RECORDS PROVIDED Start Marker

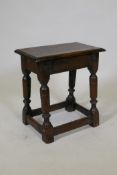 An antique oak joynt stool, with pegged joints and top, 15" x 12" x 18½"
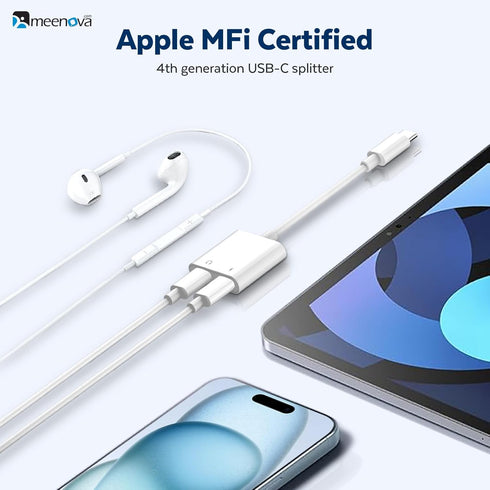 USB C Splitter 1 in 2 Out, Dual USB C Headphone and 60W Charger Adapter, Type C Audio Adapter for iPhone and Samsung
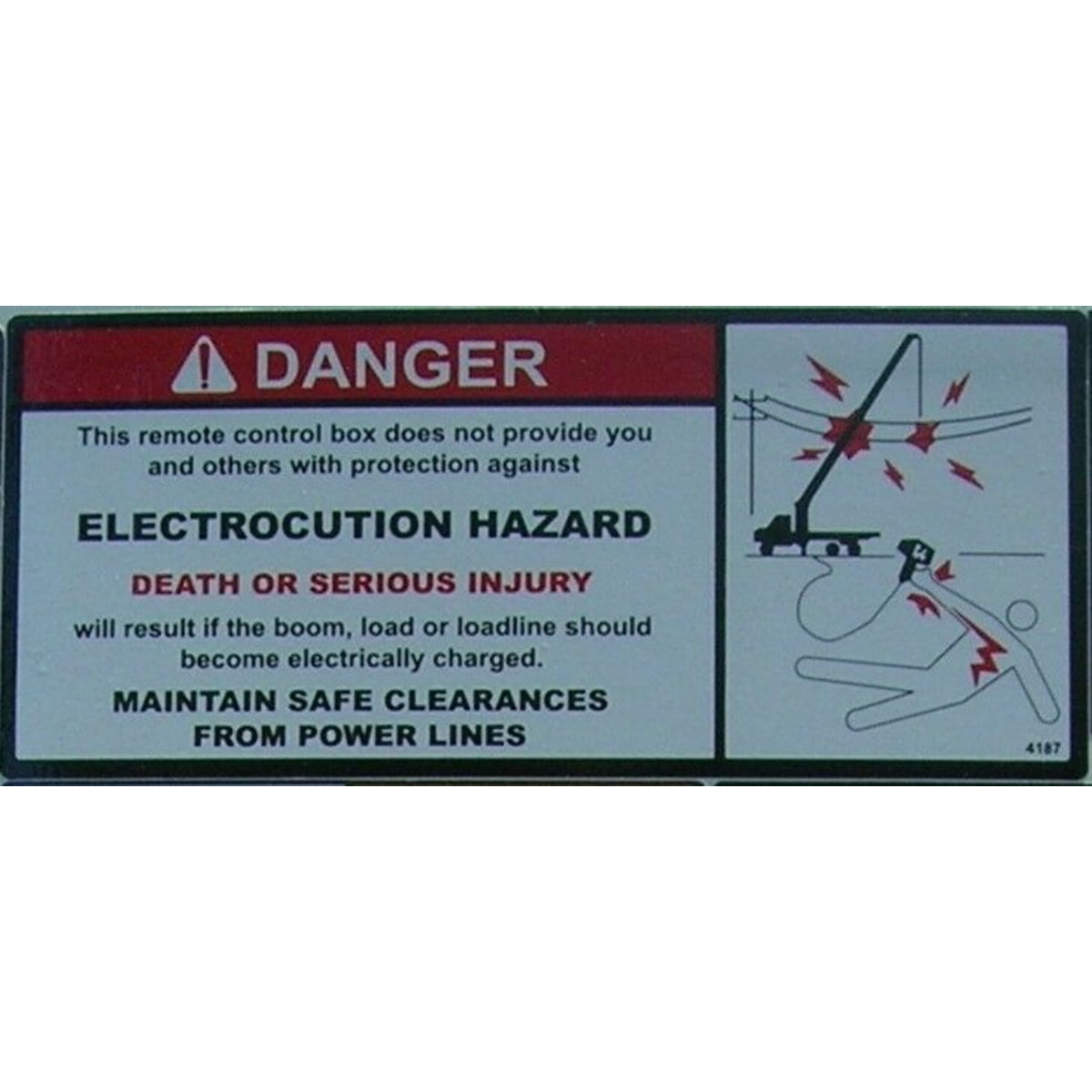 Stellar 4187, DECAL DANGER REMT ELECTROCUTN LARGE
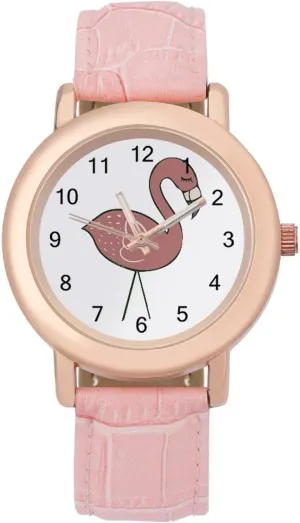 Leather Strap for Daily Outdoor Work shoemaking granite convergence Campsite Flamingos Watches for Women Round Printed Dial Stylish 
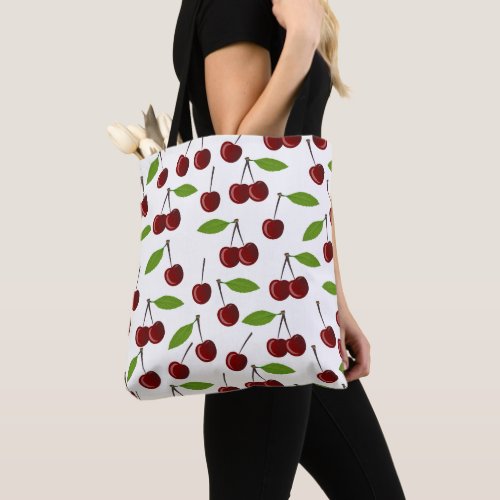 Red Cherry Pattern Of Cherries Leaves Fruit Tote Bag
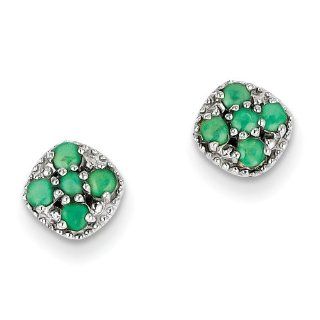 Sterling Silver Emerald Square Post Earrings: Jewelry
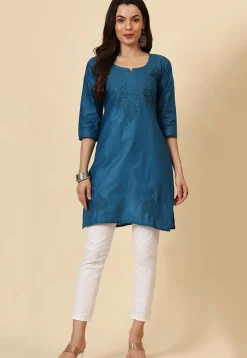 Embroidered Cotton Straight Kurti in Teal Blue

RECORDS PROVIDED End Marker

Retype the full listing exactly; pictures stay out.

 An antique oak joynt stool, with pegged joints and top, 15" x 12" x 18½"
 USB C Splitter 1 in 2 Out, Dual USB C Headphone and 60W Charger Adapter, Type C Audio Adapter for iPhone and Samsung
 Stellar 4187, DECAL DANGER REMT ELECTROCUTN LARGE
 Leather Strap for Daily Outdoor Work shoemaking granite convergence Campsite Flamingos Watches for Women Round Printed Dial Stylish 
 Red Cherry Pattern Of Cherries Leaves Fruit Tote Bag
 Sterling Silver Emerald Square Post Earrings: Jewelry
 Embroidered Cotton Straight Kurti in Teal Blue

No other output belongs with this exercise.